Other libertarian or quasi-libertarian sci-fi novels actually worth reading are: Vernor Vinge’s A Fire Upon the Deep, A Deepness in the Sky, and Across Realtime, Heinlein’s The Moon is a Harsh Mistress, Ayn Rand’s sci-fi-adjacent Atlas Shrugged, John C. Wright’s sci-fi trilogy The Golden Age, Ira Levin’s This Perfect Day, Sean Gabb’s intriguing The Break, Daniel Suarez’s amazing Daemon (which would make a great movie). I’m sure there are a few others I haven’t read, or have forgotten, and YMMV.
In any case, The Probability Broach is part of Smith’s “North American Confederacy” (NAC) series, which also includes two others I quite enjoyed, The Gallatin Divergence and Tom Paine Maru (a great line: “’Constitution, Lucille,’ It was the first time that I had sworn in Confederate.”). The novel’s premise is that in this other time line Jefferson inserted the word “unanimous” into this line in the Declaration of Independence in 1776: “governments derive their just powers from the unanimous consent of the governed…”.

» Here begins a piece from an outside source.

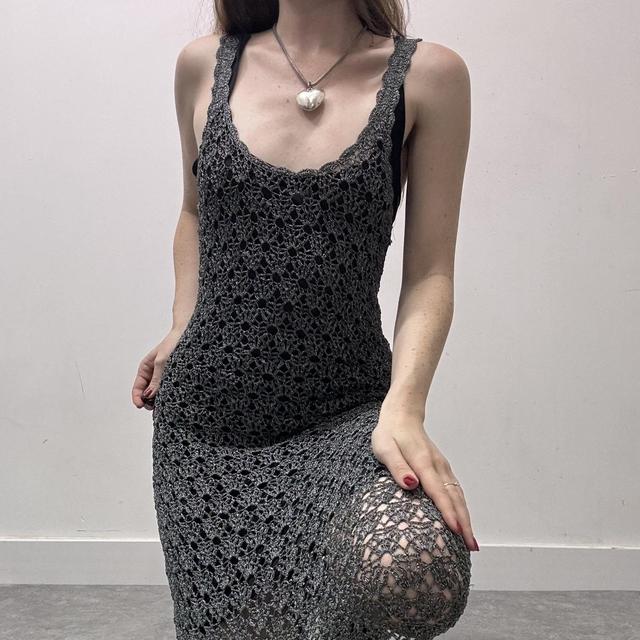 Sheer layered crochet midi dress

This became the ideological seed that sets the stage for a a more marked divergence during the Whiskey Rebellion in 1794. In actual history, in 1794 western Pennsylvania farmers protested Alexander Hamilton’s excise tax on whiskey; President George Washington personally led 13,000 militia troops to crush the uprising, while moderate congressman Albert Gallatin helped calm the rebels. This dramatically strengthened federal power and affirmed the Constitution and federal tax power.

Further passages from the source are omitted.